From an economic perspective, cutting consumption is a reduction of demand, which has the effect of extending the time that the supply can be consumed. Unfortunately, we are strictly speaking no longer depleting supply; we are depleting capital, the means for creating supply. That capital takes several forms, among them other species and naturally usable air, water, and land.
In an ideal world, we would not only cease our destruction by consuming less, we would repair and rebuild what we’ve already damaged and destroyed (including isolating dangerous toxins so they will not do harm in the future). This would take a concerted effort (thus my suggestion that the world unite) and probably require much of our remaining fuel reserves.
There is great resistance to this idea. As I’ve empirically discovered, reducing consumption carries the real threat of reducing happiness and life expectancy (ideality), which would be a reasonable thing to avoid if consuming more wasn’t likely to result in far worse consequences.
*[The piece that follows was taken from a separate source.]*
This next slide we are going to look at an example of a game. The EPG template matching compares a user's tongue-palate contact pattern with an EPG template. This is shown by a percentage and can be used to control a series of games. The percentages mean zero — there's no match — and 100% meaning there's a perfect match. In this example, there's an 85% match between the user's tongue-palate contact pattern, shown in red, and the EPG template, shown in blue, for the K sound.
A knee-jerk reaction I have personally experienced is to reject the whole notion of a disastrous future based on current trends and to instead have faith in our ability to increase the supply of resources or more efficient use of the ones we have.
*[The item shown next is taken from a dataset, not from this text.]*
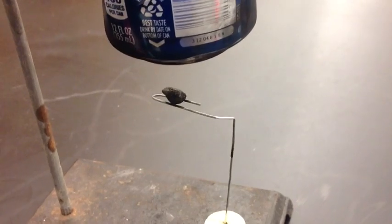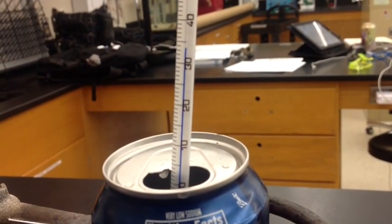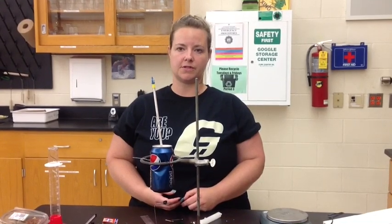Now that the peanut is completely burnt, you're going to check your ending temperature on your thermometer. For the data for the peanut, you're going to record a temperature of 33.5 degrees Celsius. You will be conducting this lab with three other food sources.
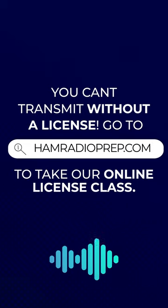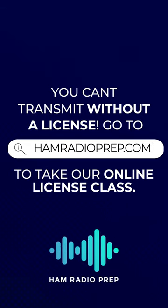You need to be licensed to use this radio, so visit hamradioprep.com to find out about licensing options and see our other digital choices in our unsponsored picks.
While conservation may be reasonable, people’s feelings about their lives are unlikely to prompt them to action until they feel a change in their lifestyle. My consumption model shows that if we reduced consumption by four percent for forty years, the population would peak in 2040 but we would see a peak in lifestyle (IP index) as early as 2020. By contrast, with business as usual, lifestyle wouldn’t peak until 2029 (at the same level as with conservation), even though population would have started to fall. If people knew that not conserving (thus making less change in their lives) would increase the amount of time that their lives were improving, they would probably be less likely to conserve. In short, the demand for change wouldn’t exist until it was too late to do anything meaningful about supply (investing the “capital” saved by conservation in restoring Nature’s ability to provide for the future).